[Entries provided — start]
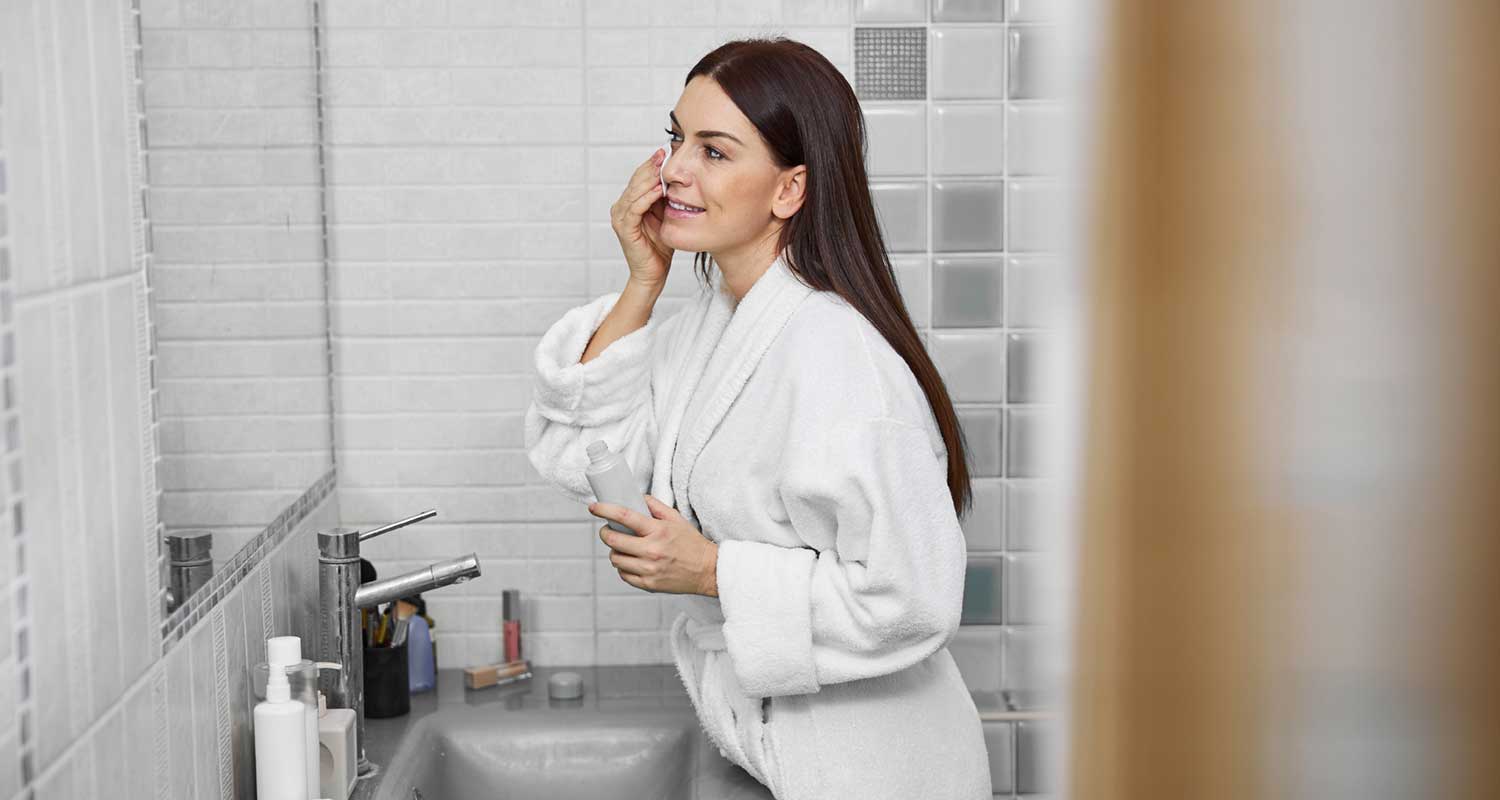 Woman in bathroom applying skincare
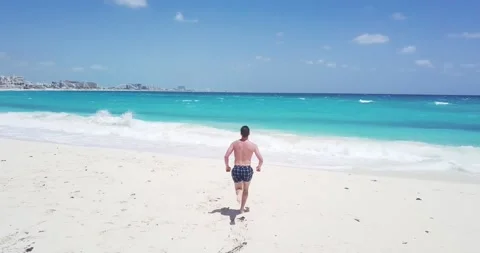 Aerial view of a young man jumping into the Caribbean Sea, Cancun, Mexico Stock Footage 168027923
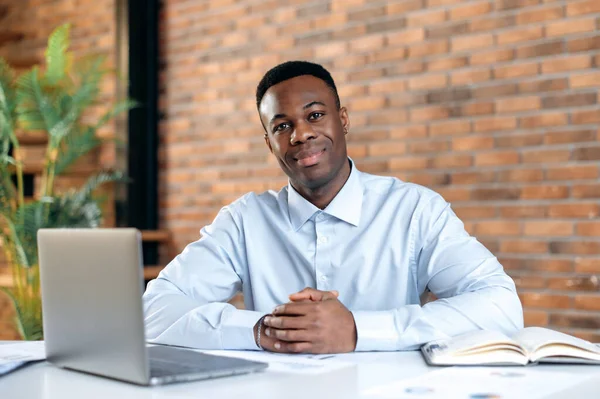 Jovem afro-americano agradável a trabalhar num computador num escritório moderno. Retrato de um empresário de sucesso, freelancer, gerente, vestindo uma camisa formal, olhando para a câmera, sorrindo amigável. — Fotografia de Stock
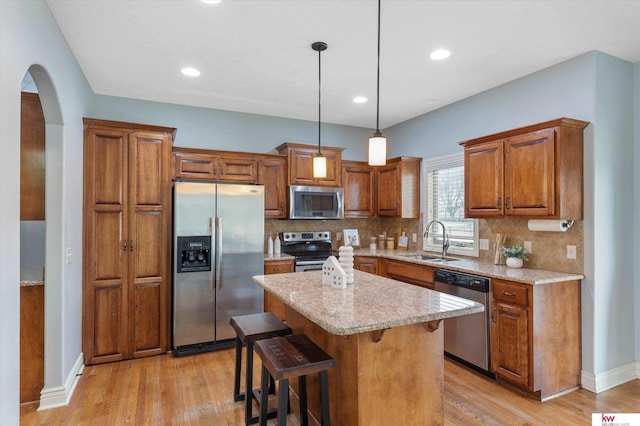 kitchen featuring stainless steel appliances, tasteful backsplash, a sink, and brown cabinets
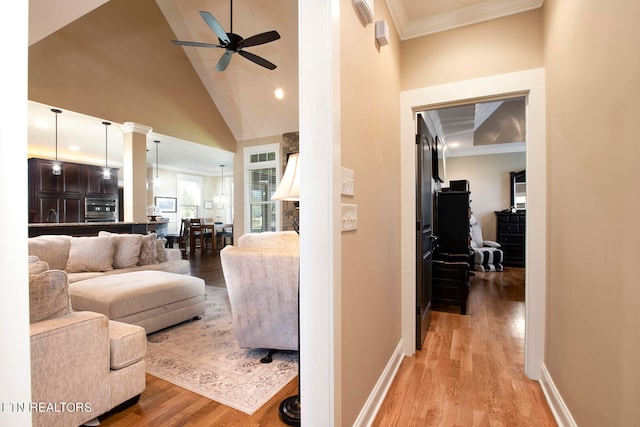 living room with light hardwood / wood-style floors, high vaulted ceiling, ornamental molding, and ceiling fan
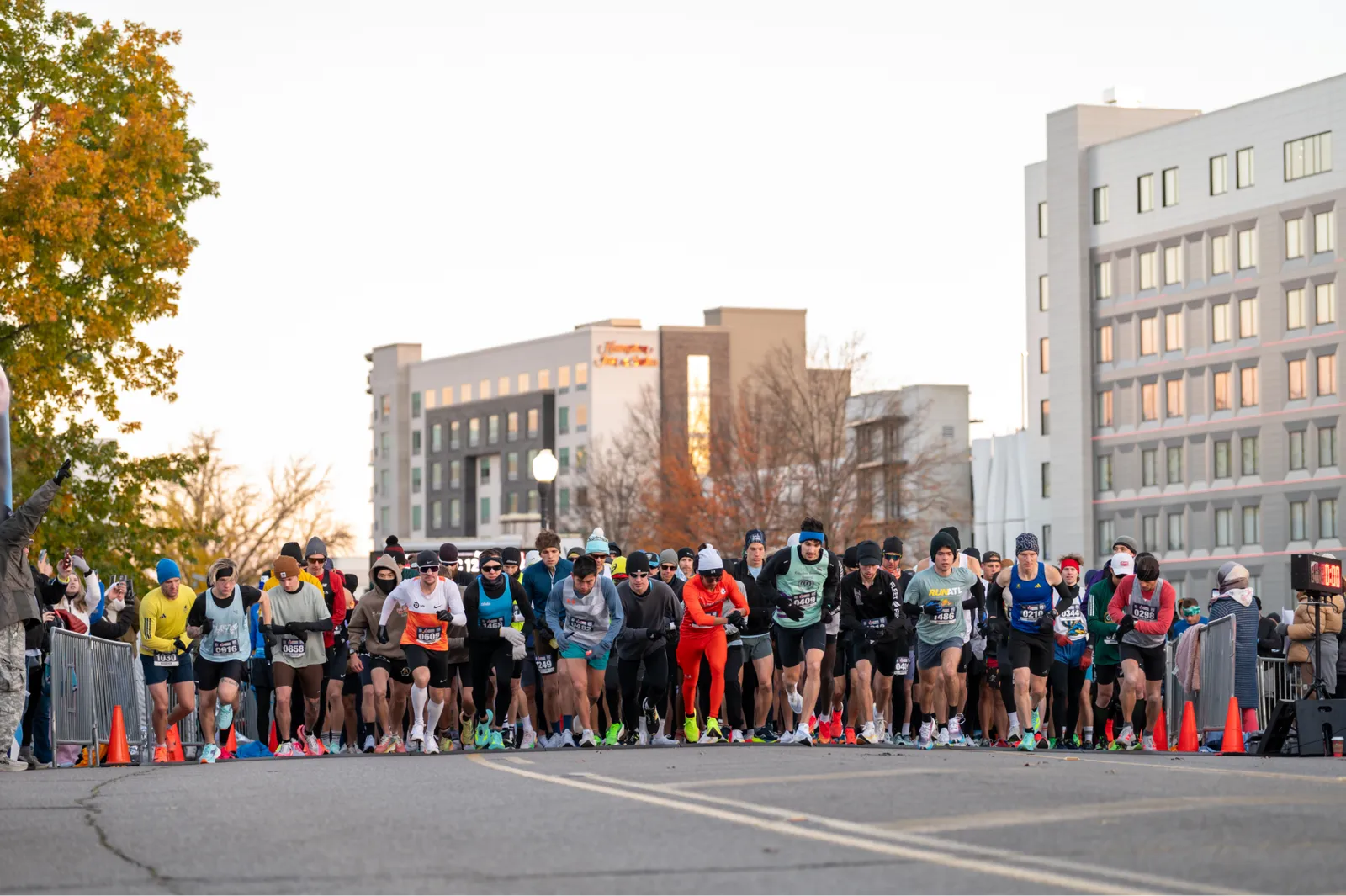 Runners at the starting line of a race, with buildings in the background.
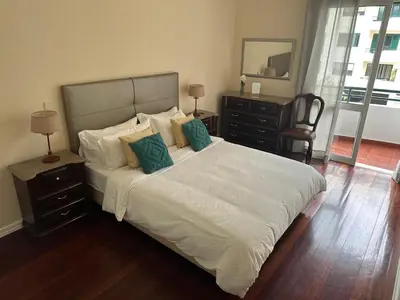 a bedroom with a bed with white sheets and pillows at Robert Apartment in Ajuda in Funchal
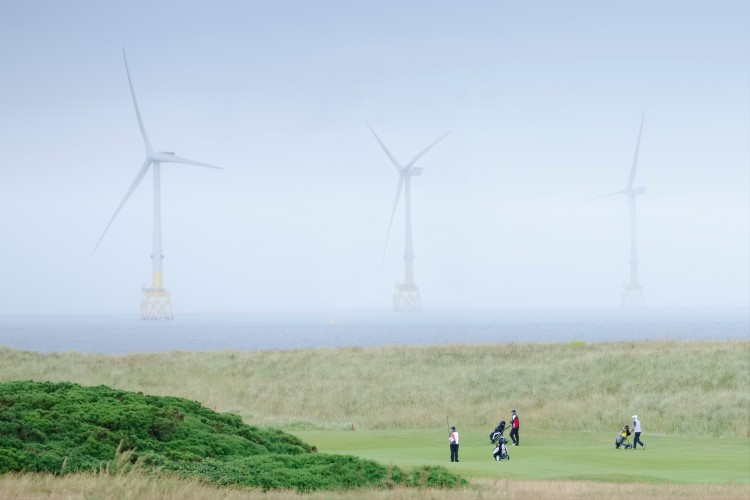 wind turbines off the coast of Scotland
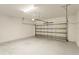 Attached garage with light-grey walls and floor at 233 Macaulay S Cv, Haines City, FL 33844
[Entries provided — finish]
[What is expected] Copy the whole listing exactly, excluding the pictures in it.

[Response area]
 Woman in bathroom applying skincare
 Aerial view of a young man jumping into the Caribbean Sea, Cancun, Mexico Stock Footage 168027923
 Jovem afro-americano agradável a trabalhar num computador num escritório moderno. Retrato de um empresário de sucesso, freelancer, gerente, vestindo uma camisa formal, olhando para a câmera, sorrindo amigável. — Fotografia de Stock
 kitchen featuring stainless steel appliances, tasteful backsplash, a sink, and brown cabinets
 living room with light hardwood / wood-style floors, high vaulted ceiling, ornamental molding, and ceiling fan
 Runners at the starting line of a race, with buildings in the background.
 a bedroom with a bed with white sheets and pillows at Robert Apartment in Ajuda in Funchal
 wind turbines off the coast of Scotland
 Attached garage with light-grey walls and floor at 233 Macaulay S Cv, Haines City, FL 33844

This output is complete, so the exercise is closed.